> [Assignment]: Below are records with pictures; copy word for word only the lines between the line with "Used 2019 Lamborghini Urus AWD/4WD image 22" and the line with "Juodi pusbačiai Gemre", inclusive, and drop the pictures.

Data supplied section start

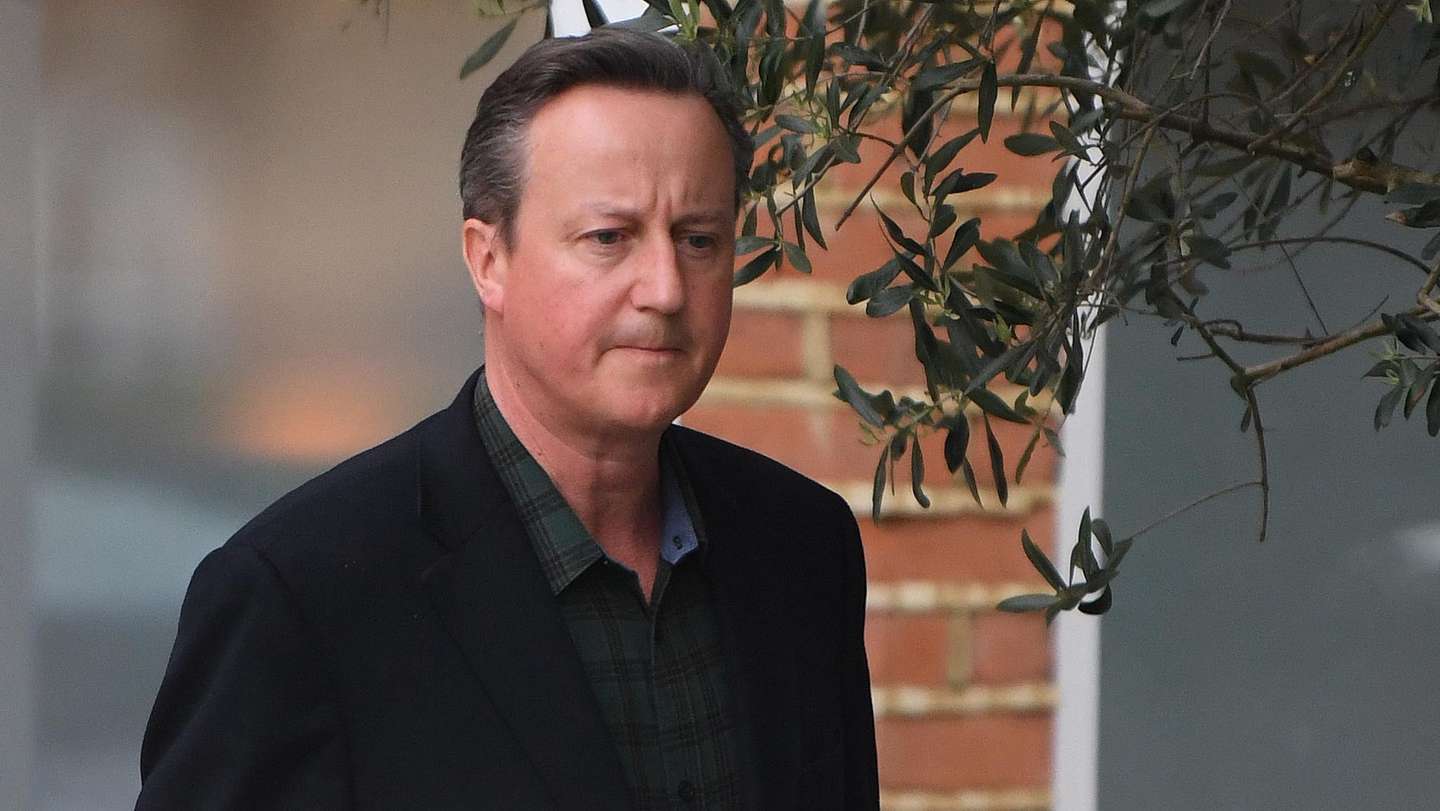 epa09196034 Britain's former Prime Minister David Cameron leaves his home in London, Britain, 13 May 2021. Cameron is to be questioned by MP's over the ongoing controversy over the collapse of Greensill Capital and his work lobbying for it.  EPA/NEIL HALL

Data supplied section end
Data supplied section start

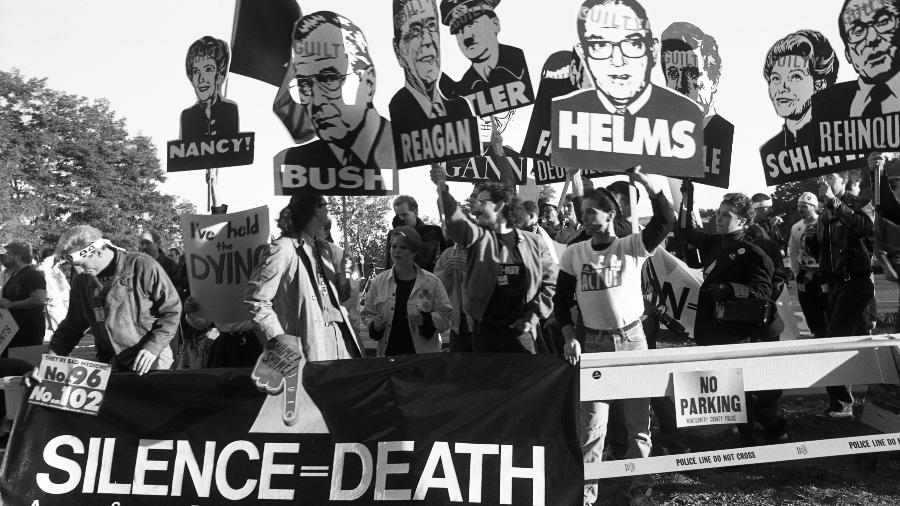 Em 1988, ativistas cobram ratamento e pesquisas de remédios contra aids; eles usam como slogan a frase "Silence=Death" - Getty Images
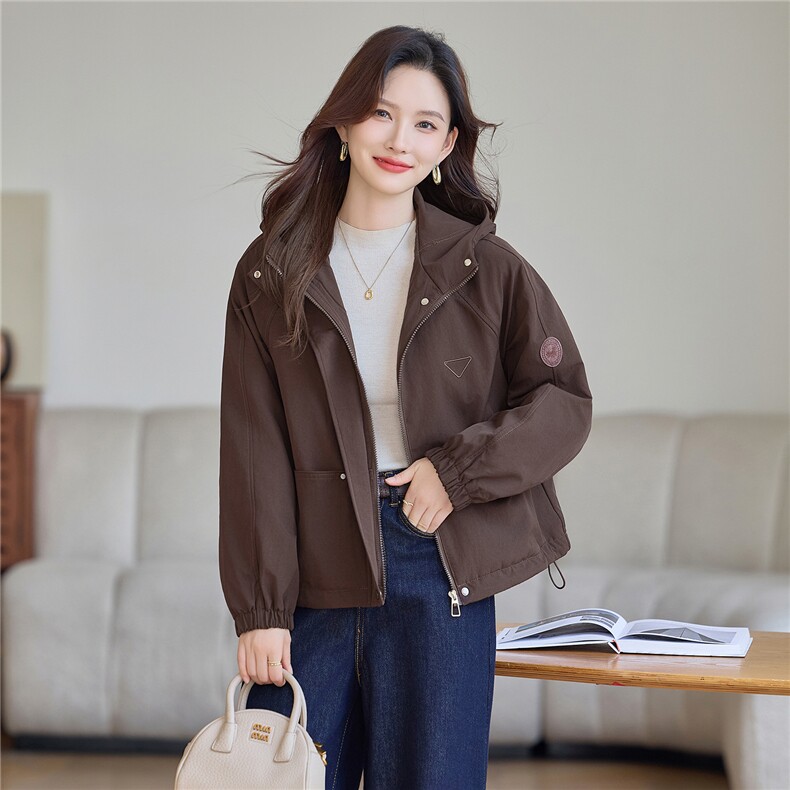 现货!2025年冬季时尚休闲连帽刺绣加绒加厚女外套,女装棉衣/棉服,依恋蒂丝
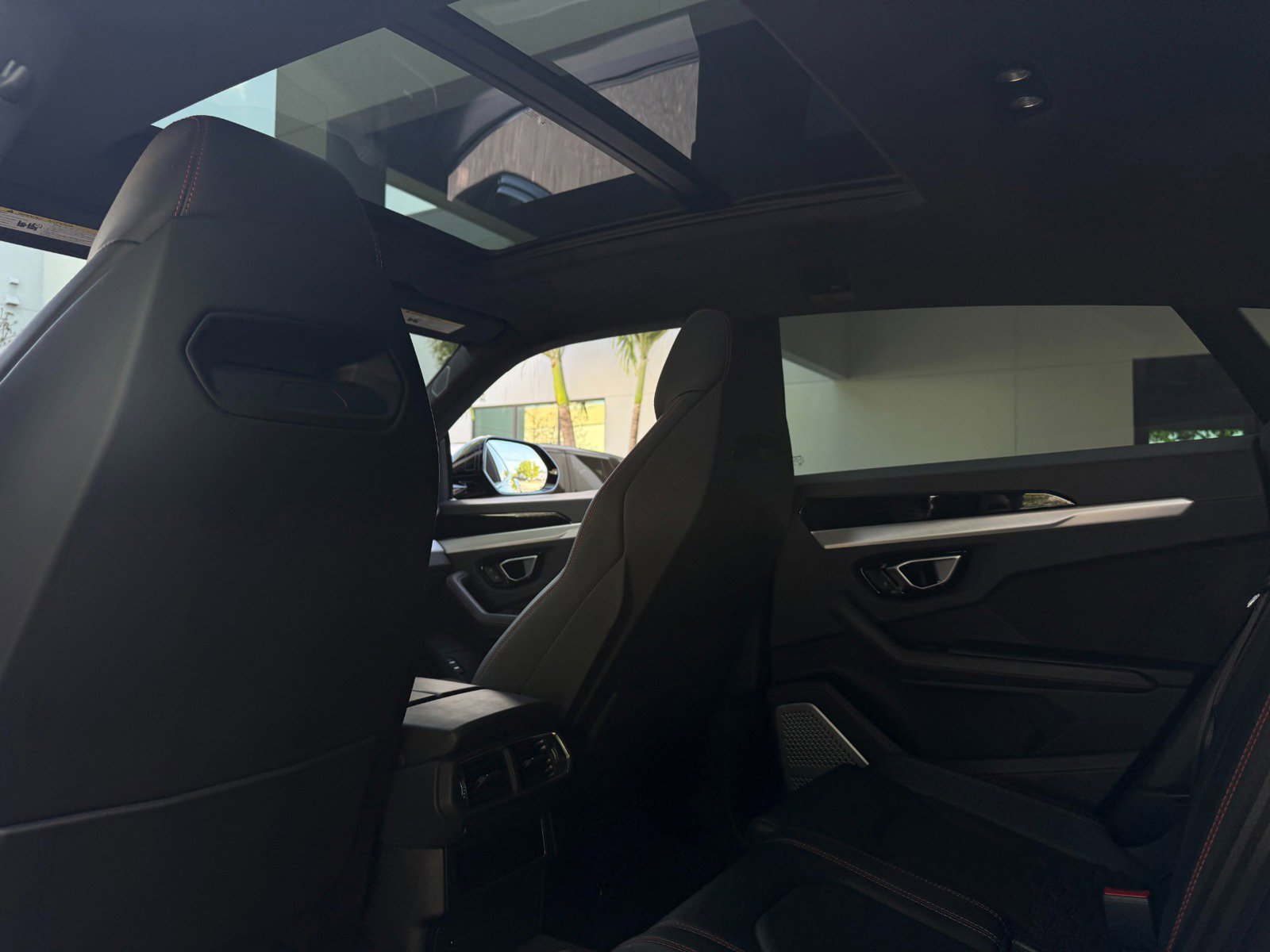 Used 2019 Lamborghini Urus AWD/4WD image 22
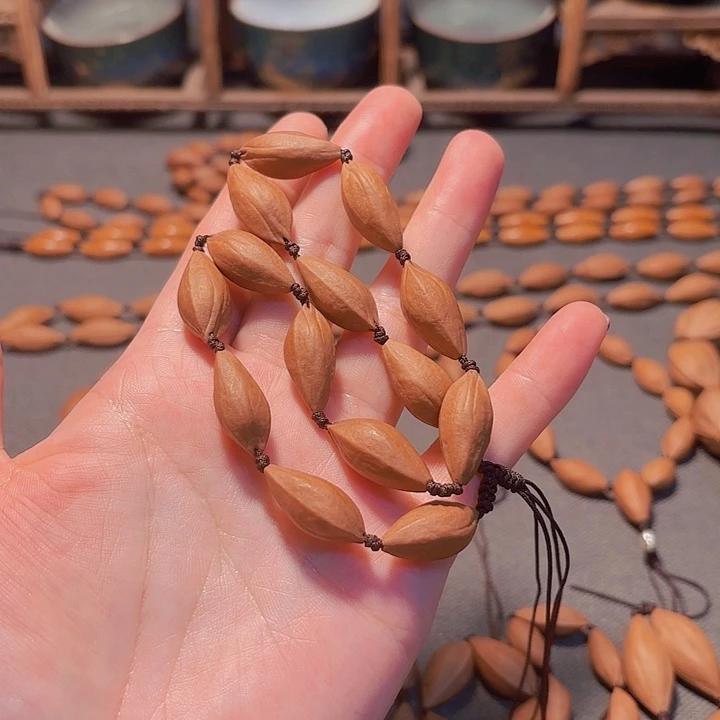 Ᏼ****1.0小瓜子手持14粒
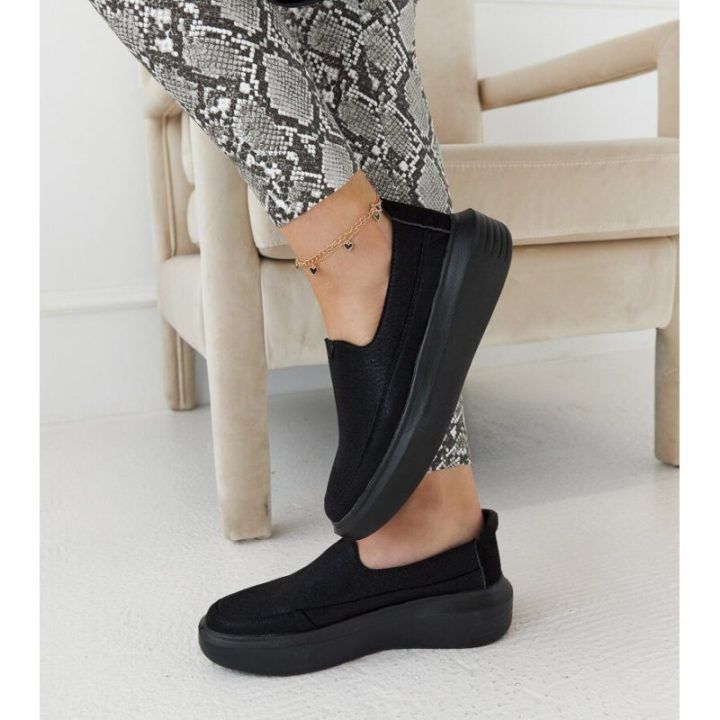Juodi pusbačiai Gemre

Data supplied section end

> [Response area]:
 Used 2019 Lamborghini Urus AWD/4WD image 22
 Ᏼ****1.0小瓜子手持14粒
Juodi pusbačiai Gemre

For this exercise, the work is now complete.